Pictures with short captions:

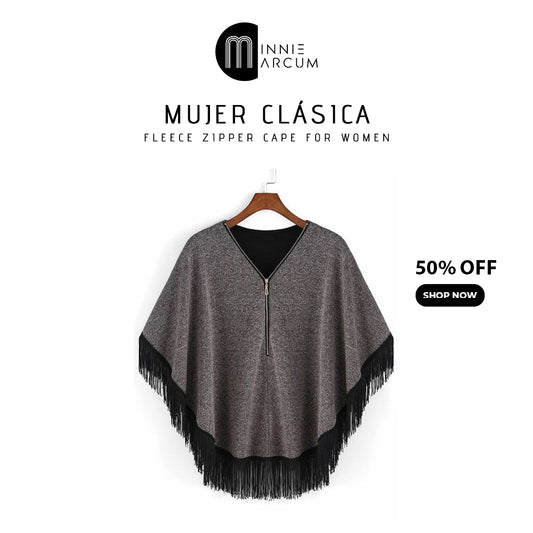 MUJER CLÁSSICA FLEECE ZIPPER CAPE FOR WOMEN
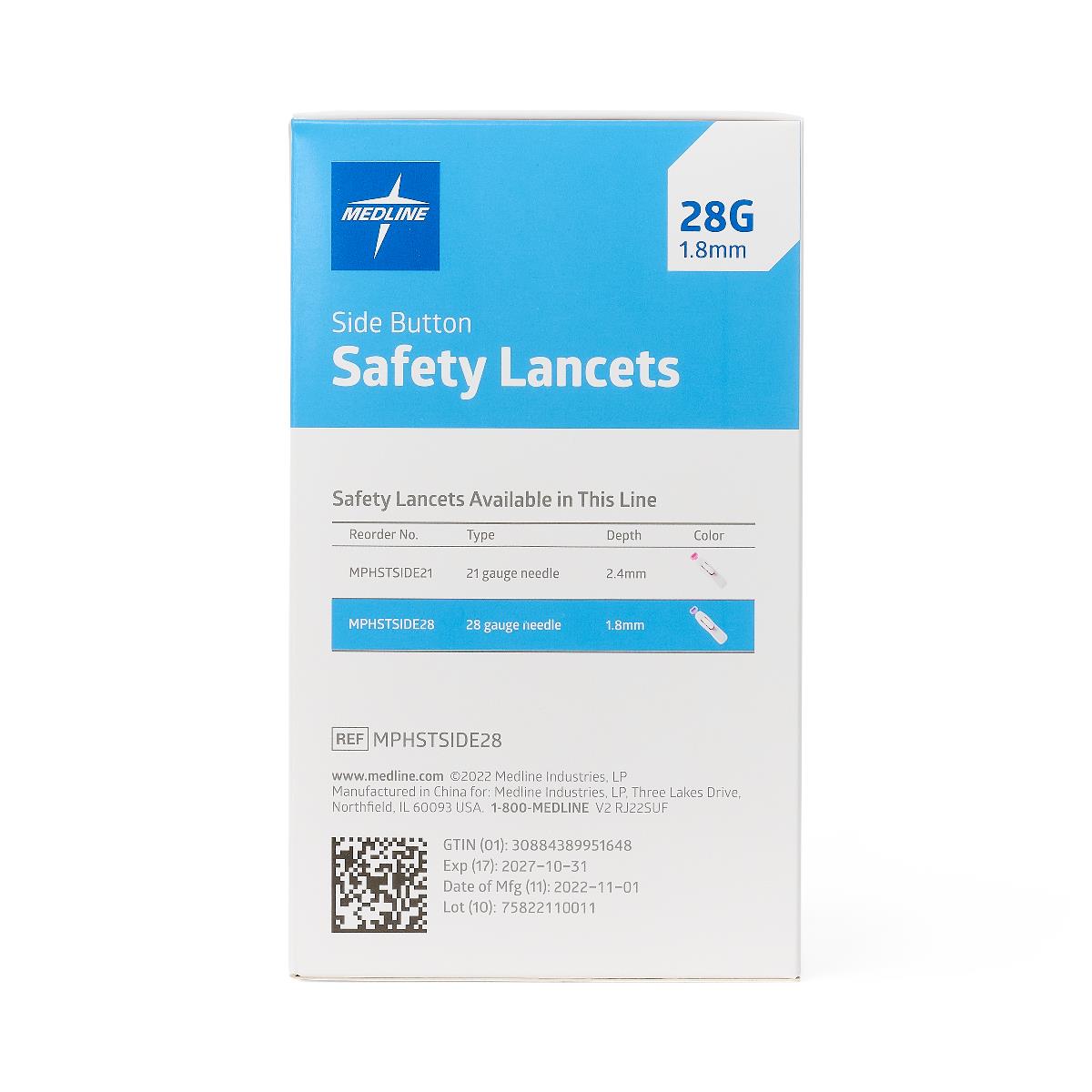 Medline Side Button Safety Lancets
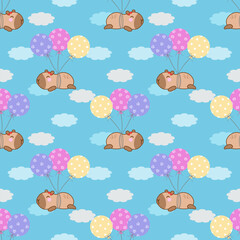 Cute pattern with balloons and clouds, colorful design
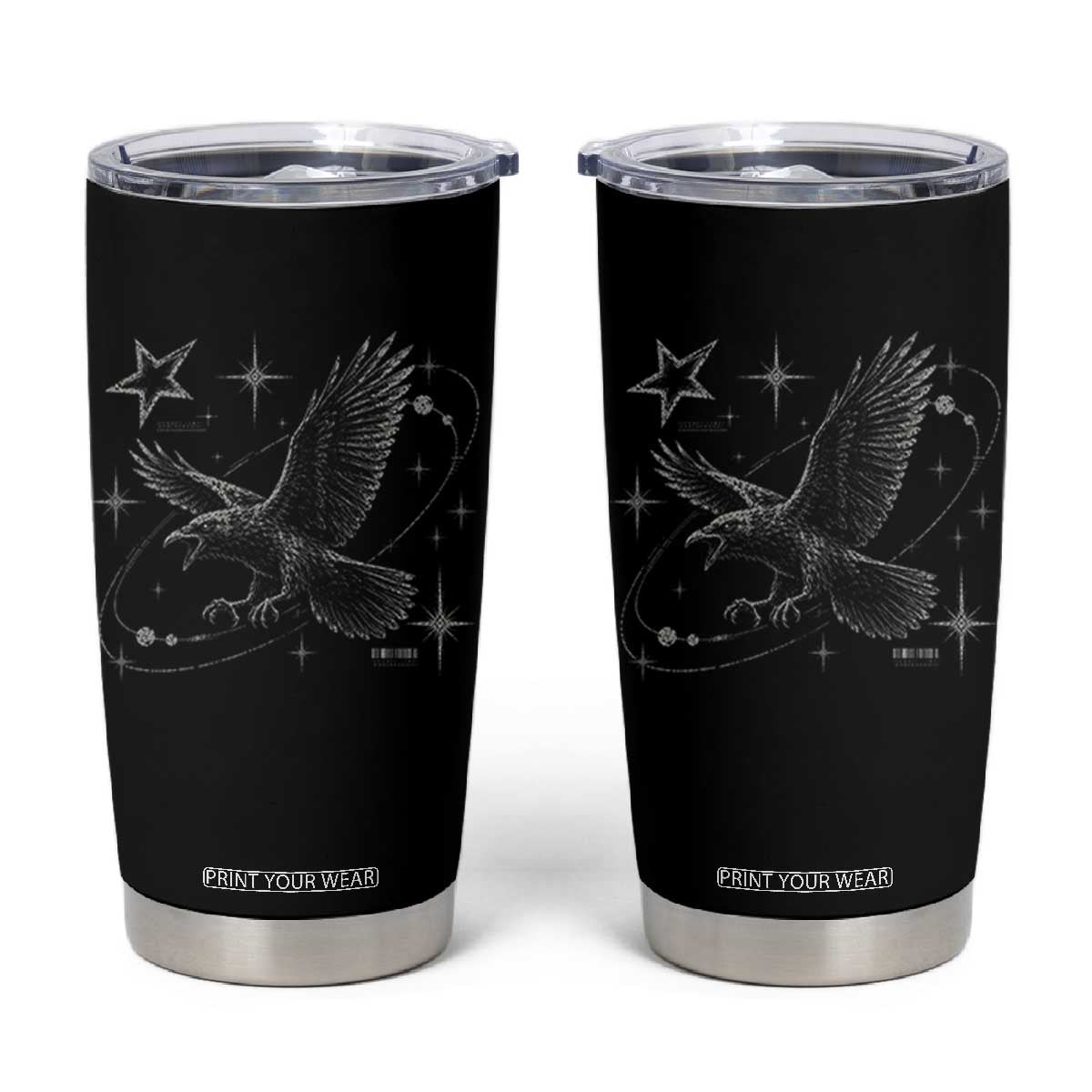 Raven Crow Y2k Tumbler Cup Gothic Cyber Sigilism Occult Dark Academia Black Bird Graphic TS10 Black Print Your Wear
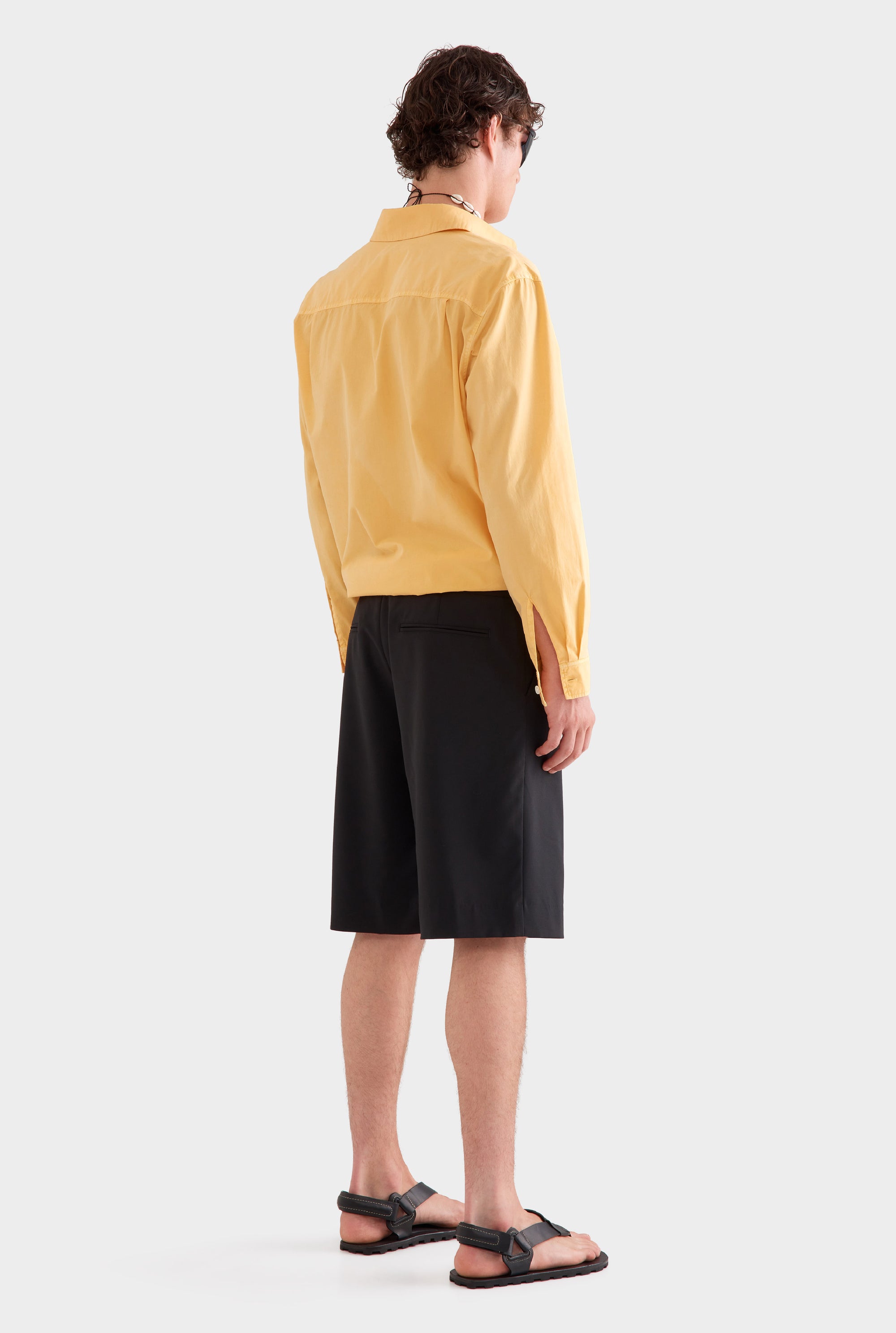 Pigment Dyed Long Sleeve Boxy Cotton Shirt -  Amber Yellow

WORK INSTRUCTION — In the answer, the data should reappear exactly, with no pictures.

TASK ANSWER —
 MUJER CLÁSSICA FLEECE ZIPPER CAPE FOR WOMEN
 Medline Side Button Safety Lancets
 Cute pattern with balloons and clouds, colorful design
 Raven Crow Y2k Tumbler Cup Gothic Cyber Sigilism Occult Dark Academia Black Bird Graphic TS10 Black Print Your Wear
 Pigment Dyed Long Sleeve Boxy Cotton Shirt -  Amber Yellow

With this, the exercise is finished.